What to Do When Your Knees Don’t Feel Good

What to Do When Your Knees Don’t Feel Good

Samantha Faulhaber, FRCms, FRAs, is a Brazilian Jiu-Jitsu black belt and mobility specialist certified by Functional Anatomy Seminars.

See a professional for recommendations that are specific to you and your needs. These recommendations are not meant to replace the advice of a medical professional. Do all movements outside of any pain and seek help to make sure your knees are healthy enough to try any of these movements.

Do your knees feel good?

A healthy knee can do all of these things without pain:

  • Bend (flex)
  • Straighten (extend)
  • Has a mobile kneecap (also known as your patella)
  • Rotation (via tibial rotation)

Let’s break down each movement and a few strategies to follow if you find any issues.

Start in a comfortable position. This can be supported, like in a chair or leaning against something, or unsupported. Comfort matters because it means you’ll be less distracted.

Flexion:
Bend your knee slowly, as far as you can get it to your butt.

Extension:
Straighten your knee slowly.

Rotation:
Keep your thigh still and rotate just your shin bone back and forth slowly.

Pain-free patella:
Lightly mush against the outer perimeter, nudging just enough towards the center to see if you get any movement and/or feel any discomfort as you do so. Since you cannot move your patella independently, focus on massaging areas around it that feel good and seek professional help if you don’t see any improvement.

Did you experience discomfort during any of the movements? If so, note where and which direction you were moving in at the time, and then try the following two strategies to improve the way your knee feels. Move much slower than you think you should. If anything feels worse, stop, and see a professional.

Strategy 1: pain-free movement

  1. Slowly and steadily move back and forth but do not move into any ranges that feel uncomfortable.
  2. Repeat 5-10 times.
  3. See if you’ve improved. 

Improvement includes:

  1. More pain-free range of motion.
  2. Reduced pain if you still have some.
  3. Discomfort in a clearly different place than before.
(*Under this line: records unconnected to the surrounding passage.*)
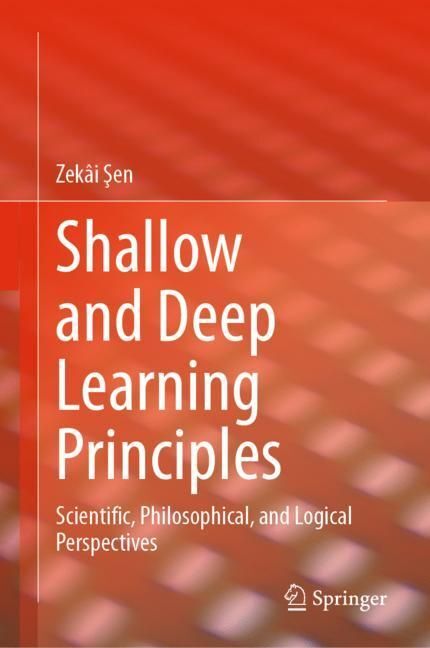 Shallow and Deep Learning Principles main product photo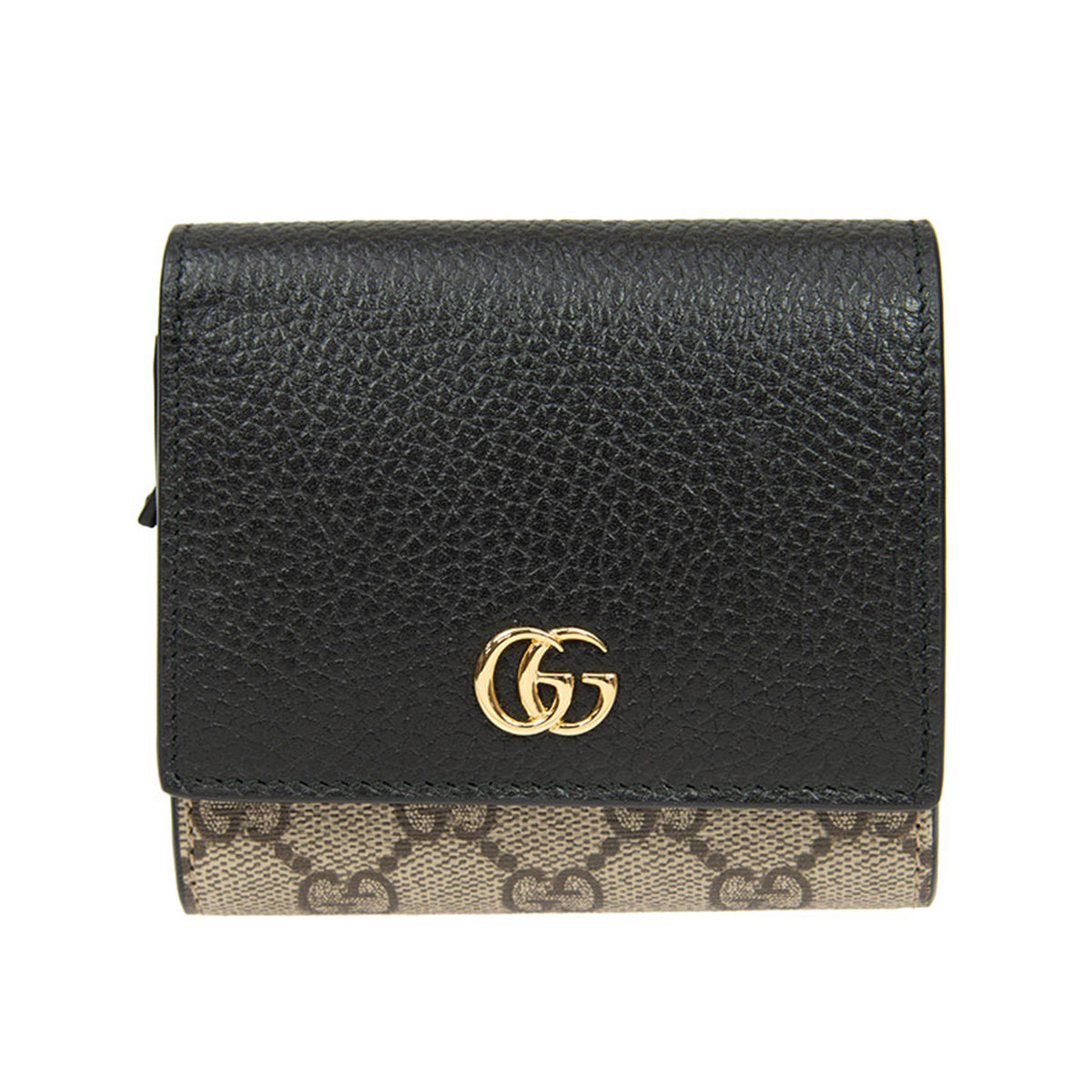GUCCI古驰情侣款老花复古爆款钱包598587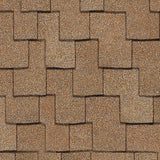 Owens Corning Woodcrest AR Cool Shingles Sand Castle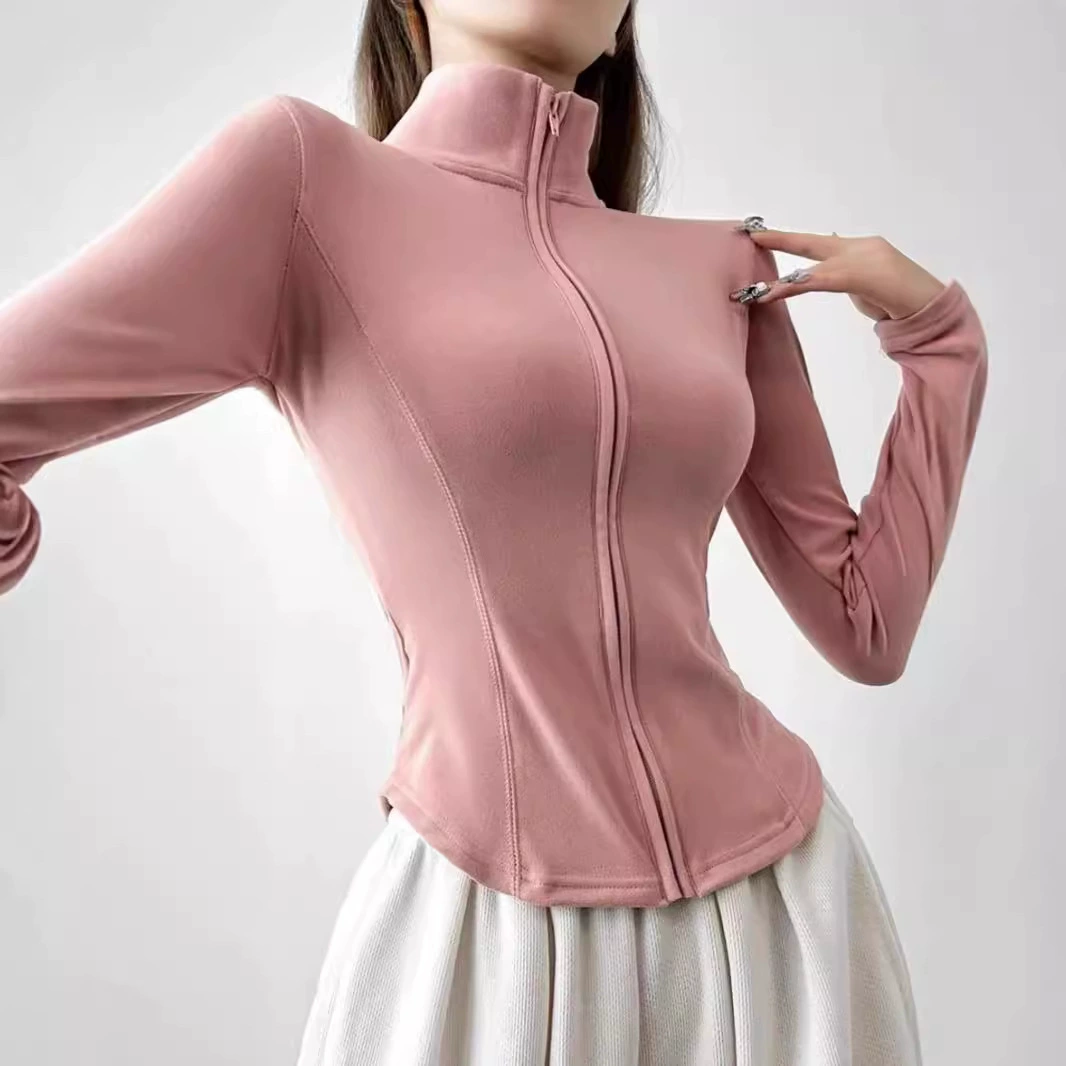 Двусторонний бархатный тёплый свитшот American стиль, slim fit, зимняя основа с молнией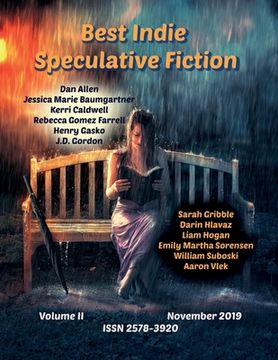 portada Best Indie Speculative Fiction: November 2019 (en Inglés)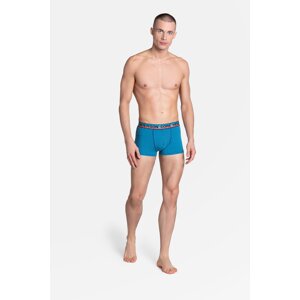 Boxers Ouzo 38290-MLC Set of 2 Blue-Navy Blue-Navy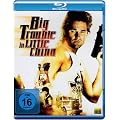Big Trouble in Little China [Blu-ray]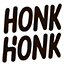 Funny Goose Honk Honk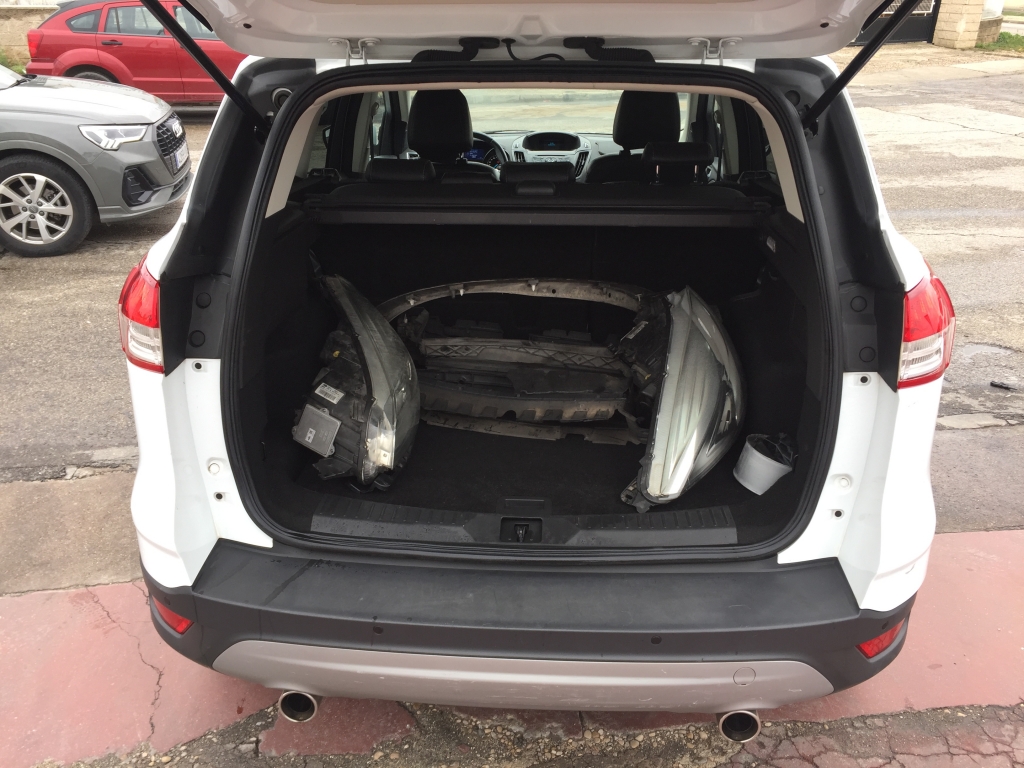 FORD KUGA 2.0 TDCI 140CV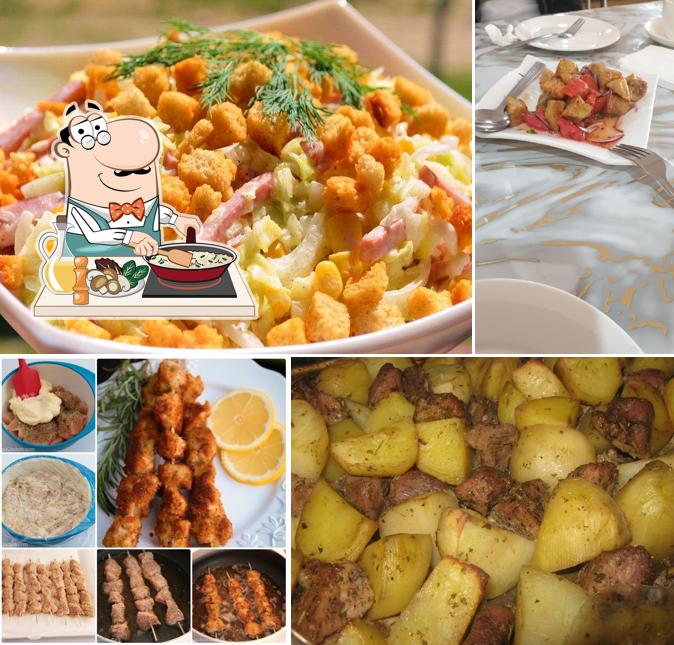 Стекляшка Кафе
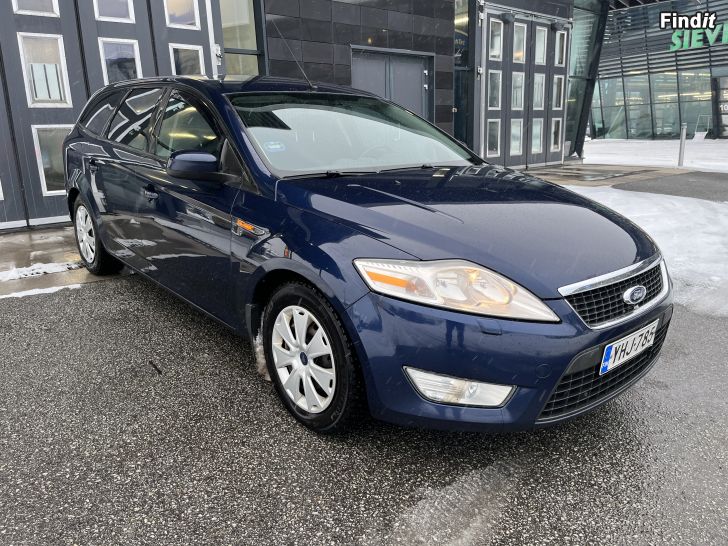 Myydään Ford Mondeo Farmari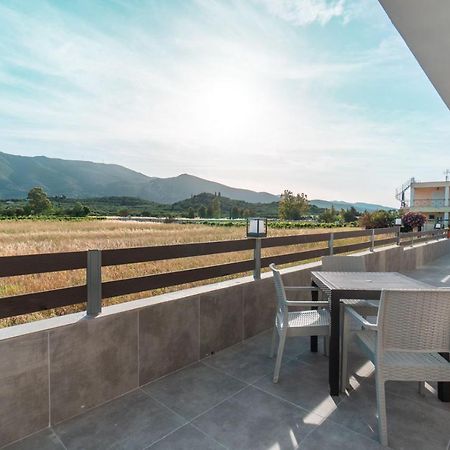 Central Apartments Alykanas  Dış mekan fotoğraf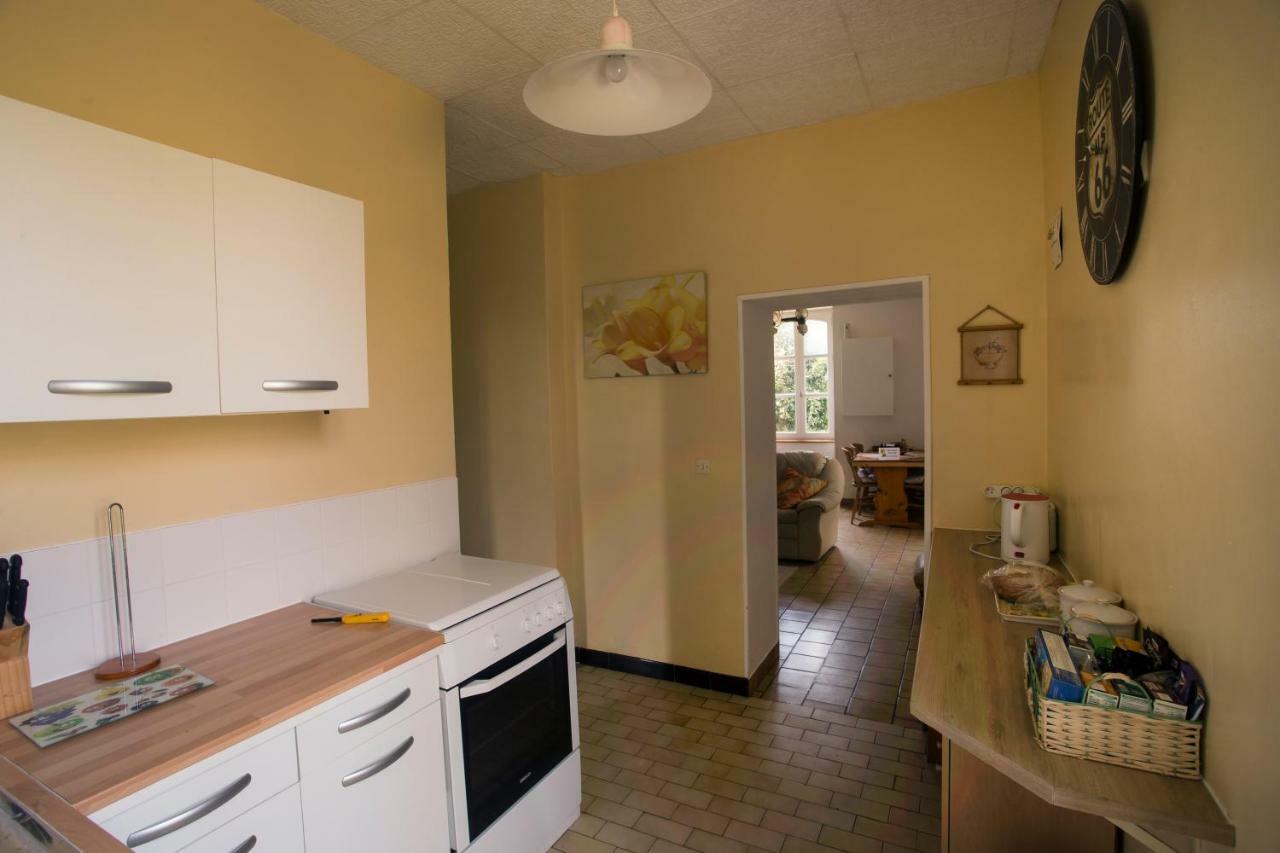 La Butte De L'Esperance Apartman Renazé Kültér fotó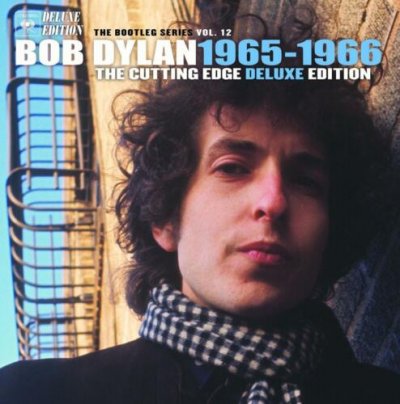 Bob Dylan ‎– The Cutting Edge 1965 – 1966 6xCD The Bootleg Series Vol.12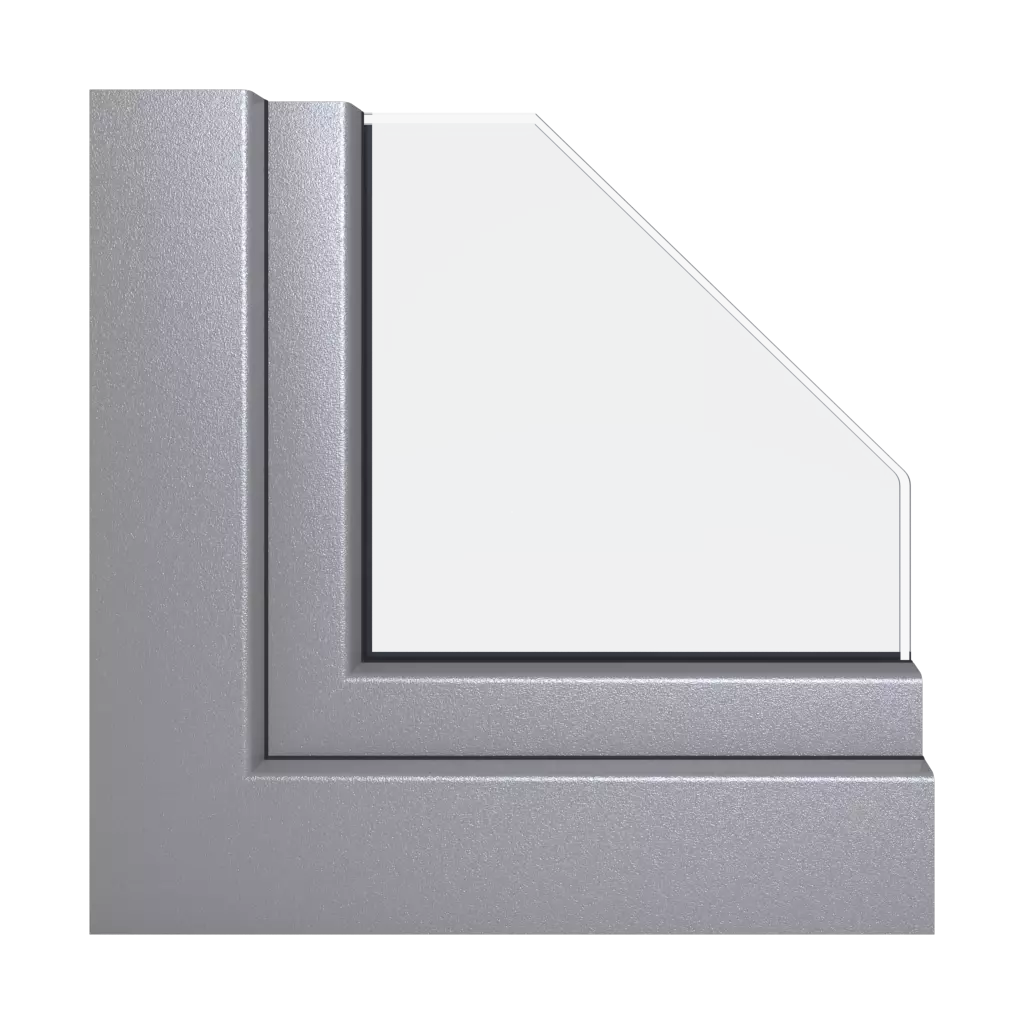 Alux biały aluminiowy okna profile-okienne schuco corona-ct-70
If you encounter any of these improvements, try repeating Strategy 1. Once you stop seeing improvement or get tired, rest.

Strategy 2: Isometrics

Isometrics mean holding tension while staying still. Once you’ve found your starting point (#3), you will not actually be moving anything, just creating low-level force. Read the whole list before beginning and you’ll be better off. Just like with IKEA furniture directions.

  1. Find the discomfort.
  2. Freeze.
  3. Rewind the movement until you feel rock solid or as close to rock solid as you can.
  4. Lightly push against something solid for 10-30 seconds in the opposite direction of the discomfort. Hold steady.
    1. Flexion: If you found it hurts to bend, lightly try to lift something with your foot too heavy to actually lift.
    2. Extension: If straightening creates the issue, hook your heel into something (can be the floor) and lightly pull your heel towards your butt.
    3. Rotation: If rotating the shin one way didn’t feel good, push into something by rotating in the opposite direction.
  5. If #4 feels funny at all, use a lighter amount of force.
  6. If #5 still feels funny, go even lighter, or find a different angle for your leg that feels better.
  7. Relax.
  8. Repeat.
  9. Breathe the whole time.
  10. Stop if you get bored or tired.

To progress, try pushing or pulling for a longer amount of time, then by increasing the amount of pressure you’re using. Follow the directions every time.

If you stayed in pain free ranges the whole time, followed all directions carefully, and nothing changed, please see a professional because something is really up.

How to stay feeling good

Maintain your healthy knees by moving them frequently. Here is a set of movements to do every day as part of your joint maintenance routine, and a full set of joint movements that only takes ten minutes.

Knee CARs

Full Body CARs

Your body is already resilient, adaptive, and intelligent. Bringing things into balance can be as simple as learning how to listen to yourself and respecting what you find. This is a set of guidelines to help bring you back from discomfort, but I recommend working with a strength and conditioning coach to increase the resiliency of all your pain-free ranges. Stick to ranges of motion that you actively own and don’t hurt and your results will blow up in a good way.